Mallet was expelled from Hong Kong in early October when the government denied his work visa renewal application, a move criticized worldwide as a stunning violation of press freedom. Mallet’s rejection was the latest in a string of incidents that have profoundly alarmed free speech and human rights advocates.
Mallet “attempted to enter Hong Kong on Thursday as a visitor but was turned away at the border after several hours of questioning by immigration officers,” according to a statement from the Financial Times.
According to the statement, Mallet wished to return to Hong Kong to “finalize some personal matters after having to relocate overseas at short notice in October.”
Mallet was refused entry by the authorities without explanation. Hong Kong security officials simply insisted he was kept out for reasons that have “nothing to do with freedom of expression and freedom of the press.”
The government has provided no formal explanation for the refusal to renew his work visa, although many widely suspect it to be retaliation for a speech he hosted at the Hong Kong Foreign Correspondents’ Club by independence activist Andy Chan, leader of the now-banned Hong Kong National Party.
“The rejection came on the same day that two Hong Kong talks by a London-based Chinese author were canceled, a move that critics argued was a further step in a trend of increasing restrictions on free speech in the territory,” FT added.
The author in question, Ma Jian, wrote a novel called China Dream that satirizes Chinese Communist Party leader Xi Jinping’s nationalist agenda. Ma found no Hong Kong publisher willing to handle his novel, but it will be published in Taiwan in 2019. Hong Kong publishers who print books critical of Chinese Communist leadership have been known to vanish and reappear in mainland Chinese prisons.
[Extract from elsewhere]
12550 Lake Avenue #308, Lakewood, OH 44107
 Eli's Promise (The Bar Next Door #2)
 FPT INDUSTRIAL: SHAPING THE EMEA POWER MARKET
The venue hosting the Hong Kong International Literary Festival canceled his appearances because it did not wish to “become a platform to promote the political interests of any individual.”
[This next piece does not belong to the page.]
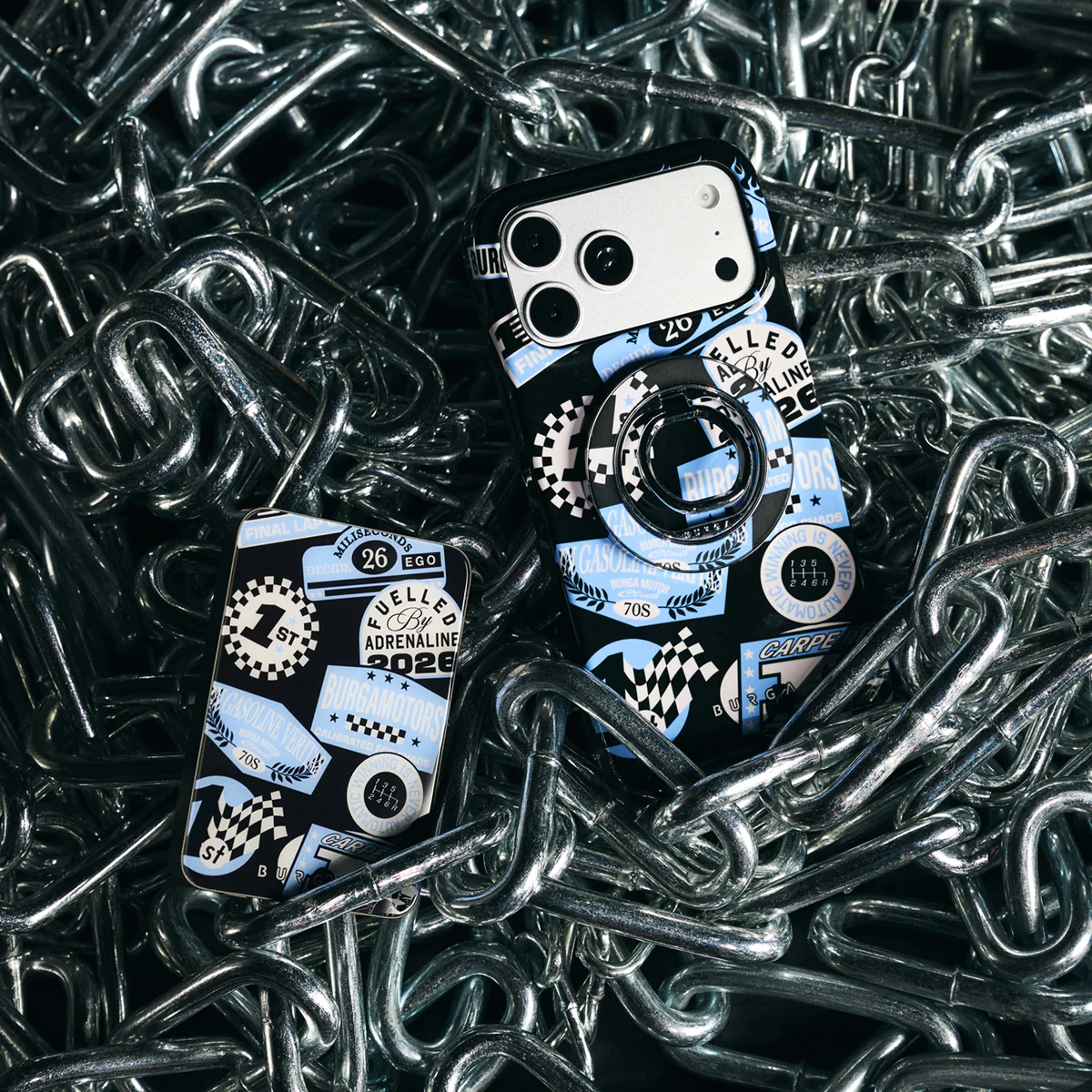 Finish Line - Google Pixel 9 Pro Case - Image 21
After a second venue canceled backup plans to host Ma, the original site of the Hong Kong International Literary Festival changed its mind on Friday and agreed to let him appear.
“Mr. Ma has made public statements which clarify that his appearances in Hong Kong are as a novelist and that he has no intention to use Tai Kwun as a platform to promote his personal political interests,” said Timothy Calnin, director of the recently opened Tai Kwun arts complex.
Ma said he was worried he would be banned from entering the city after Victor Mallet was denied entry, even though Ma is a legal permanent resident dating back to before the U.K. handed Hong Kong over to China in 1997. He reported on Friday that he was able to enter the city without incident.
“The talk must go on. Even if only one Hong Konger wants to attend. Even if only one reader wants to talk to me,” Ma vowed, denouncing the original decision to cancel his talks as “terrifying.”
The Hong Kong Journalists Association and several other media groups agreed with Ma’s grim assessment, contributing a joint editorial to the Hong Kong Free Press on Friday that declared it a “dark week for freedom of expression.”
In addition to Mallet and Ma, the editorial cited the case of Australia-based Chinese political cartoonist known as Badiucao, whose Free Expression Week exhibition was canceled on November 2 due to “threats made by the Chinese authorities relating to the artist.” Human-rights advocates said they were shocked by the brute-force cancellation of Badiucao’s show.
The authors and cosigners of the editorial warned Hong Kong’s days as “the world’s number one free economy” are coming to an end:
Authorities have been expanding the no-go areas of what may be said. While the pledge of One Country Two Systems may still exist on paper and there is no legal basis for these “red lines”; a journalist, writers and a cartoonist have been unreasonably thwarted. If people can no longer speak their mind, what place is there for press freedom? If voices critical of Beijing’s policies cannot be tolerated today, who is to say when a report forecasting a devaluation of Renminbi will be disappeared?
We urge all Hong Kong residents to show concern and vigilance and call upon the central and Hong Kong governments to cherish Hong Kong’s open and diverse space for free speech, thereby protecting the special economic status that derives from it.
“I think we are witnessing the dying of Hong Kong,” Badiucao, who finds it necessary to keep his true identity secret, mournfully declared in an interview last week.
“I really admire artists and dissidents who are brave enough to do it openly. I see myself as a coward,” he said humbly. “But I try to explain to myself that I’m just an ordinary guy, I’m not as brave as a hero. And an ordinary guy also deserves a voice.”